Twofer Special | Holiday 2021 // A Castle for Christmas and Single All the Way

If you have, perchance, been reading, maybe semi-regularly, my blog posts, you might know I've been feeling especially pressed for time this. This is especially true when it comes to my holiday movie binge. I've fallen behind. What I really need is another computer or monitor set up to multi-task at the max, but one makes do nonetheless. In the last 24 hours I've watched 2 Netflix Christmas movies, A Castle for Christmas and Single All the Way. Both looked extremely cheesy and I was excited to see both. Moreover, both were somehow completely what I expected and not at all what I expected.

A Castle For Christmas

To escape a scandal, a bestselling author journeys to Scotland, where she falls in love with a castle -- and faces off with the grumpy duke who owns it.

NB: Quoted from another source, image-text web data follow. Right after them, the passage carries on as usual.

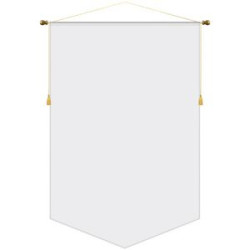 42" x 60" Podium Banner, V Cut/ No Fringe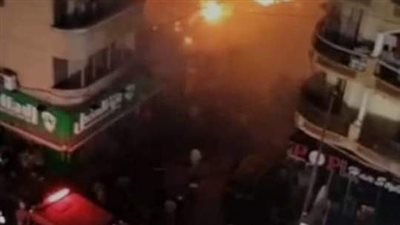 حريق هائل بمنطقة سكنية في البيطاش بالإسكندرية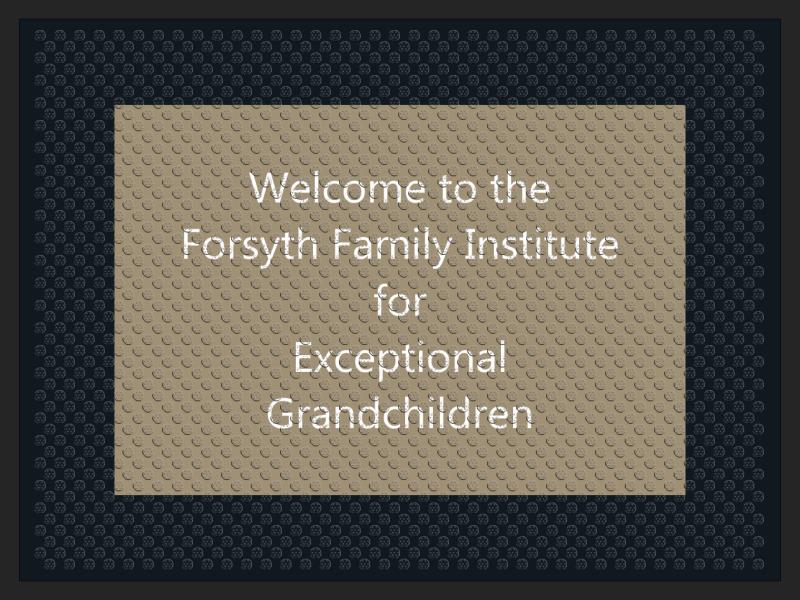 Forsyth Institute 3 X 4 Rubber Scraper - The Personalized Doormats Company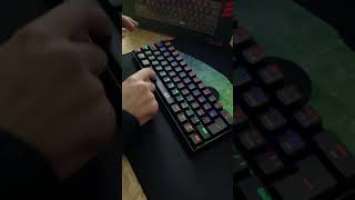K606 Lakshmi Redragon - Typing and Sound Switchs Outem Blue MK2 #shorts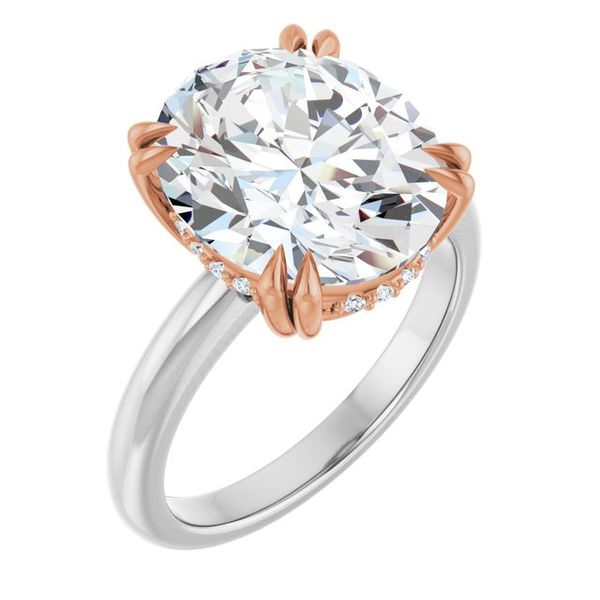 Double Claw-Prong Engagement Ring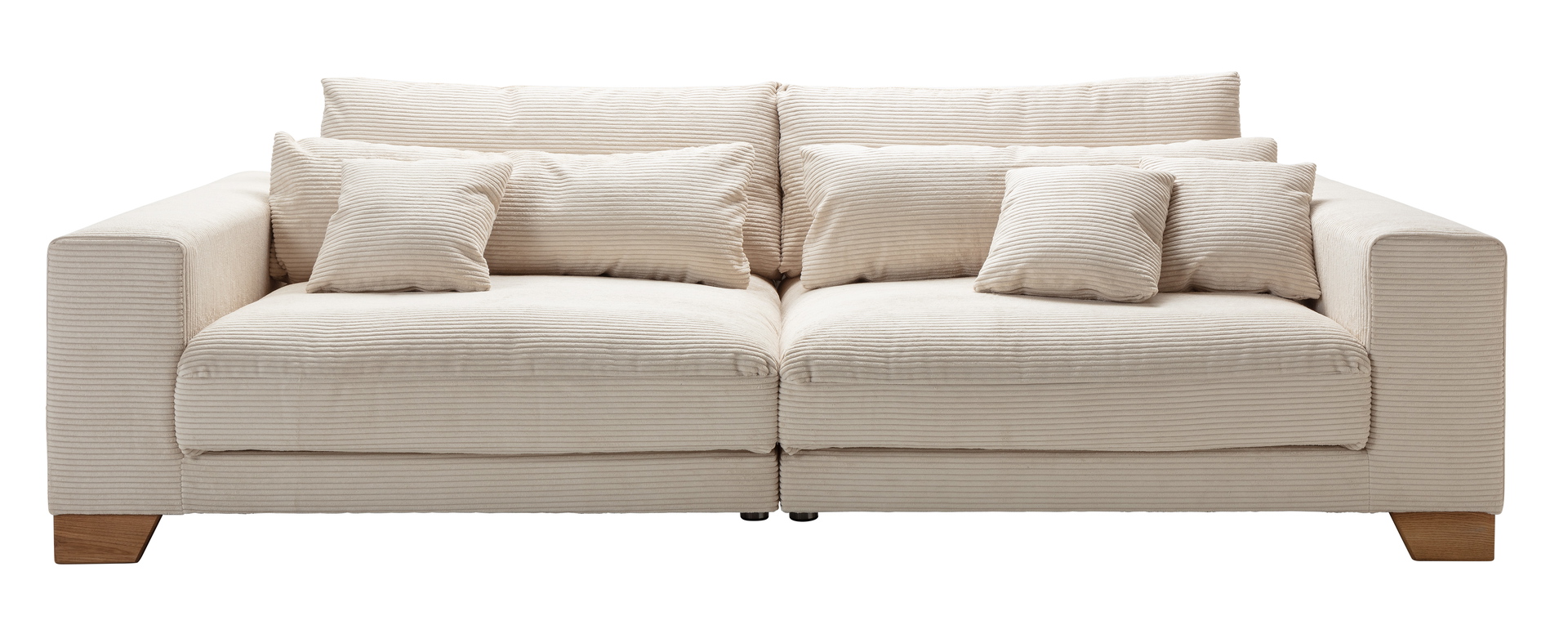 Big Sofa Play inkl. Kissen in Trendstoff Cord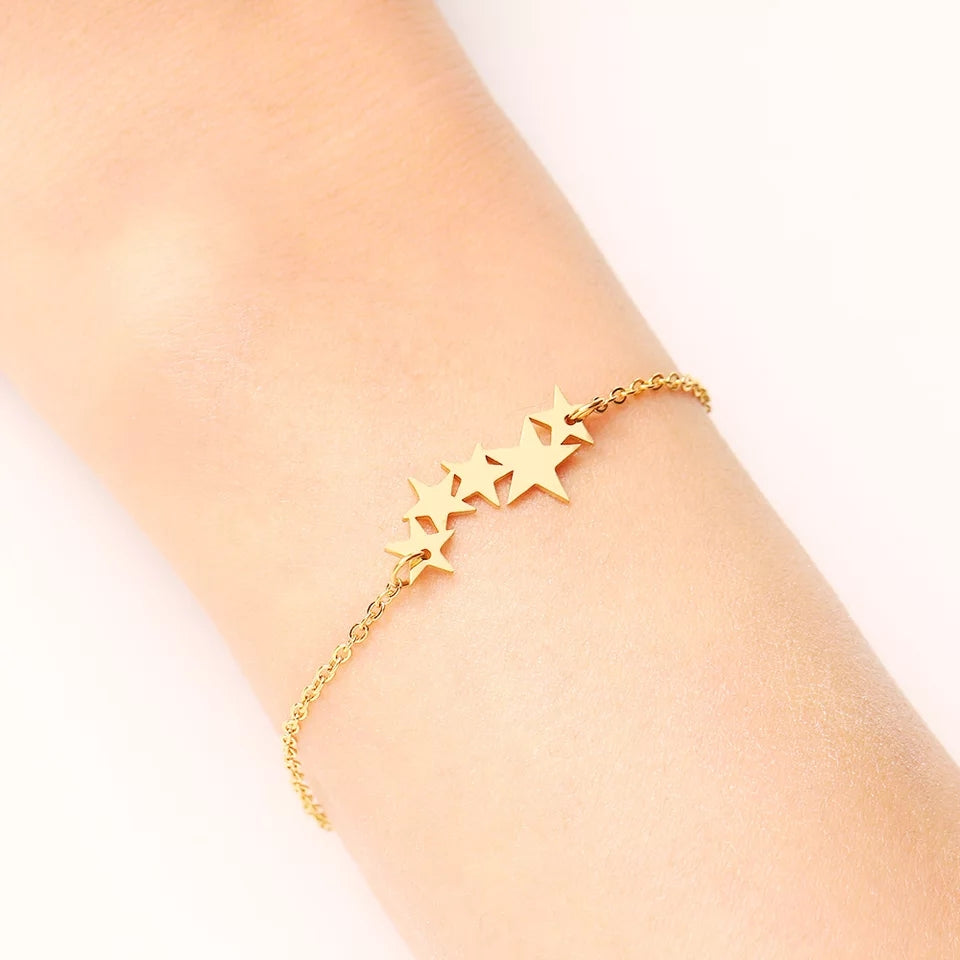 Bracelet 5 Star- gold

This was the first movie I watched, finishing it sometime in the wee hours of the morn. Brooke Shields and Cary Elwes star as a world-renown American author and Scottish noble respectively. They have a most ridiculous love story that is less whirlwind romance and more two grown adults growing close while being super nice people. But it's easy to be super nice when you're relatively rich. Moving along, we get a super epic tie-in to the established Netflix Christmas Movie Universe (or I guess, per Netflix, the Netflix Holiday Movie Universe) when we see some characters physically show up at the inn. I screamed when I realized what was happening, and as I was telling my mother, side characters physically appear in another movie is a much stronger allusion to their interconnectivity than a meta allusion to a movie or a casual mention of a country. 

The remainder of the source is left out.